Students may not have noticed it, but Yale’s campus grew by a third on Tuesday morning.
This week, the University finalized its purchase of the 137-acre Bayer HealthCare campus for $109 million. Although the deal was first announced in June, Bayer and Yale officials have been conducting due diligence and hammering out details until now, administrators said. Yale paid up front and in cash, through a wire transfer.
The campus, which administrators have nicknamed “Yale West,” has 1.5 million square feet of buildings, including 550,000 square feet of laboratories. The facility also includes office space and warehouses, which administrators have said will be used to store overflow from Yale’s many museum collections.
Though Yale now owns the property, no University activities will take place there until at least next summer, Yale President Richard Levin said. The University hopes to fill the space with top-notch researchers recruited from other institutions, he said.
“We are going to focus on external recruitments — building programs around hiring outstanding scientific leaders to try to attract them to Yale,” Levin said.
Bayer will not fully vacate the facility until the end of next year, Vice President for New Haven and State Affairs Bruce Alexander said. Until then, the company will lease the office space from the University.
No major renovations are needed to ready the Bayer facilities for Yale’s use, except to modify laboratories to researchers’ specifications and to add better heat and humidity controls inside the spaces that will be used as storage for the Peabody Museum and the art galleries.
Putting together the cash to buy the facility was not difficult because the University generally keeps several hundred million dollars of cash on hand, Levin said. Yale may borrow against the science buildings in the future because they will provide a steady flow of grant money, he said.
At an average cost of roughly $73 per square foot, the new acquisition was a deal for the University, administrators said. Lab space alone generally costs Yale between $650 and $700 per square foot to construct, Levin said.
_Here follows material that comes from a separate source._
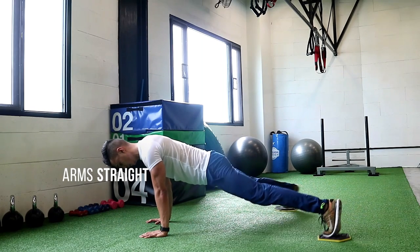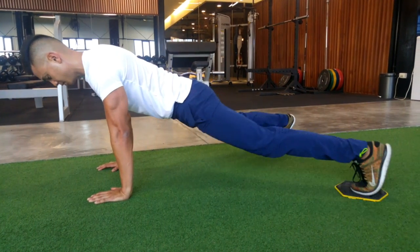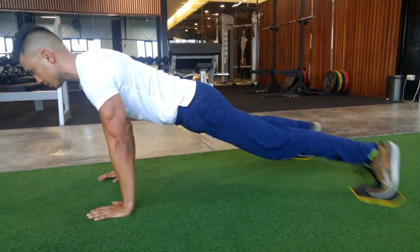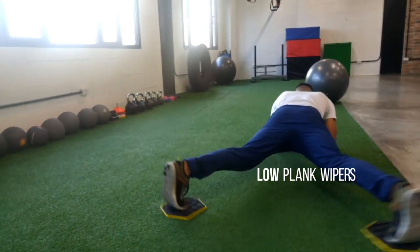Plank wipers are a great way to do planks but engage even more, working your inner and outer thighs and glutes because you're sliding your legs in and out. Every time you slide them in, it works your inner thighs. Every time you slide them out, it works your outer thighs and glutes.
The University was able to secure such a good price because no competitors bid for the entire facility, Levin said. The other bidders were retail development companies and thus had no interest in bidding for the lab space, he said.
“Had another pharmaceutical company stepped up, it would have been very different,” Levin said.
Because Yale, as a tax-exempt organization, will pay no property taxes on the site, the University will make voluntary contributions to Orange and West Haven, where the Bayer facility is located. Yale will make its first payment of about $600,000 to the two towns combined in October 2008. In addition, the University has already started to work with the West Haven school district to develop curricula and train teachers, West Haven Mayor John Picard told the News. About 80 percent of the new property lies in West Haven, and the rest is in Orange.
Yale’s presence in West Haven could also spur economic development in the town, Picard said, as he envisions shops and restaurants opening in the city’s downtown area to serve Yale West employees.
“I don’t think we all fully realize what’s going to take place over the next five to 10 years,” he said. “We’ve just begun to scratch the surface of considering the impact this will have.”
Alexander and a Bayer official called Picard at around 11:30 a.m. Tuesday to announce the conclusion of the deal, Picard said.
No Bayer officials were available for comment Wednesday.
The Bayer campus went on the market last November, after the company decided to relocate its Connecticut operations. When the property went up for auction, Yale was among 15 bidders. The Corporation approved the purchase when it met for Commencement in late May, Levin said.